Start of Data for analysis

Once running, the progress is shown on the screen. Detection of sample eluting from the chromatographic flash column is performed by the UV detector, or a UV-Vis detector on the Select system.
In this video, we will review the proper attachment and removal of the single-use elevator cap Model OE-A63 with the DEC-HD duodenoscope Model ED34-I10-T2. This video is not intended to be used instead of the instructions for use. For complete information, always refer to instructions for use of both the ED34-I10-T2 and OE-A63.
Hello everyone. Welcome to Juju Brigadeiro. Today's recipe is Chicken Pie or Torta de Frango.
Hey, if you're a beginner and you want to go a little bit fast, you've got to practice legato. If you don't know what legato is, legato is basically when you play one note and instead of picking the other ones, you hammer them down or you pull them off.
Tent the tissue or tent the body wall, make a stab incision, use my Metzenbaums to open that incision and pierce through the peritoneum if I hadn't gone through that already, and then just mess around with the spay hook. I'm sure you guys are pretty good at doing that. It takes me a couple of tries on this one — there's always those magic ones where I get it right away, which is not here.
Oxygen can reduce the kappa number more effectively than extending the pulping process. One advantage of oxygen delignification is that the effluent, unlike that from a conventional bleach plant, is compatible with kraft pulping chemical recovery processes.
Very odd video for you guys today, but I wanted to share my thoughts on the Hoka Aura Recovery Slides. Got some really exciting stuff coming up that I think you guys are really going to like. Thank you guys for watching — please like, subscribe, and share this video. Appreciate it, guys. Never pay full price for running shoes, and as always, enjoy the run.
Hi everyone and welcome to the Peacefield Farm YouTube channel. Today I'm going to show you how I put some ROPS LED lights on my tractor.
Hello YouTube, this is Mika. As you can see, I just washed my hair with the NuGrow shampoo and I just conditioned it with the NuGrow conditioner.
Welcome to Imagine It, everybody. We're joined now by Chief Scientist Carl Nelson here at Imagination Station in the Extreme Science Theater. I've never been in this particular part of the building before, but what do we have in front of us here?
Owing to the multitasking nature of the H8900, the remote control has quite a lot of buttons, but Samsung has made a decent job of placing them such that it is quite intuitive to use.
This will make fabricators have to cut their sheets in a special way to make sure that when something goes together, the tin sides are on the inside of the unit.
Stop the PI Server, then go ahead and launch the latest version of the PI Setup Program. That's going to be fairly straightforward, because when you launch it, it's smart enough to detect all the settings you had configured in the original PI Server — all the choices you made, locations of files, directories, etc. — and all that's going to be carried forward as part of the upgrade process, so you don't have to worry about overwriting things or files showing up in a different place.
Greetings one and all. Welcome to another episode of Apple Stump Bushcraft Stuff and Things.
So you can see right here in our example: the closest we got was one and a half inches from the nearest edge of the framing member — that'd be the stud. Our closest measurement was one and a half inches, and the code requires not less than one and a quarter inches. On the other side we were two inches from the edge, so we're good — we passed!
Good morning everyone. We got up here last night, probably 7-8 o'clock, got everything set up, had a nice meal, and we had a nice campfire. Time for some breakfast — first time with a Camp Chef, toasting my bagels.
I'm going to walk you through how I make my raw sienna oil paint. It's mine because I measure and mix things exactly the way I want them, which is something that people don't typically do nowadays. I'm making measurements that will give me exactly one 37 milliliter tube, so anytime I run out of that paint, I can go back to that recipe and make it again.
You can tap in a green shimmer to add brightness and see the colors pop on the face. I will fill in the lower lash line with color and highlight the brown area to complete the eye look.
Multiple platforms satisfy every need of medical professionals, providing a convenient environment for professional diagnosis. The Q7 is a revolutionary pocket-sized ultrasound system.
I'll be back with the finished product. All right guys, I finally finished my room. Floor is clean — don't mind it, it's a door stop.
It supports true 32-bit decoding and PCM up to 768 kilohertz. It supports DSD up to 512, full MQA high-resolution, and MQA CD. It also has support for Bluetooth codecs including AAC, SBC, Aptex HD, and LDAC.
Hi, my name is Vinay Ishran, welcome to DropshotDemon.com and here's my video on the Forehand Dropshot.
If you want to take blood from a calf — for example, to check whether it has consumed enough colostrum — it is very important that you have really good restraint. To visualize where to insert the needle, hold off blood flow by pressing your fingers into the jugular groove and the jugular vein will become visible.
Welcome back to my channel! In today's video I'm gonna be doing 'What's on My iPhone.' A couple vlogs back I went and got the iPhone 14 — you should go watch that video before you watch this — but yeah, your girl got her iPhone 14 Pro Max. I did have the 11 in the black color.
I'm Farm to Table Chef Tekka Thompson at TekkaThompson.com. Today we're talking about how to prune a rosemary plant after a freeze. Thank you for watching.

End of Data for analysis

Could you reproduce exactly the lines of the entries above, from the one with "Stop the PI" through the one with "Greetings one and", and nothing else?

Exercise response:
Stop the PI Server, then go ahead and launch the latest version of the PI Setup Program. That's going to be fairly straightforward, because when you launch it, it's smart enough to detect all the settings you had configured in the original PI Server — all the choices you made, locations of files, directories, etc. — and all that's going to be carried forward as part of the upgrade process, so you don't have to worry about overwriting things or files showing up in a different place.
Greetings one and all. Welcome to another episode of Apple Stump Bushcraft Stuff and Things.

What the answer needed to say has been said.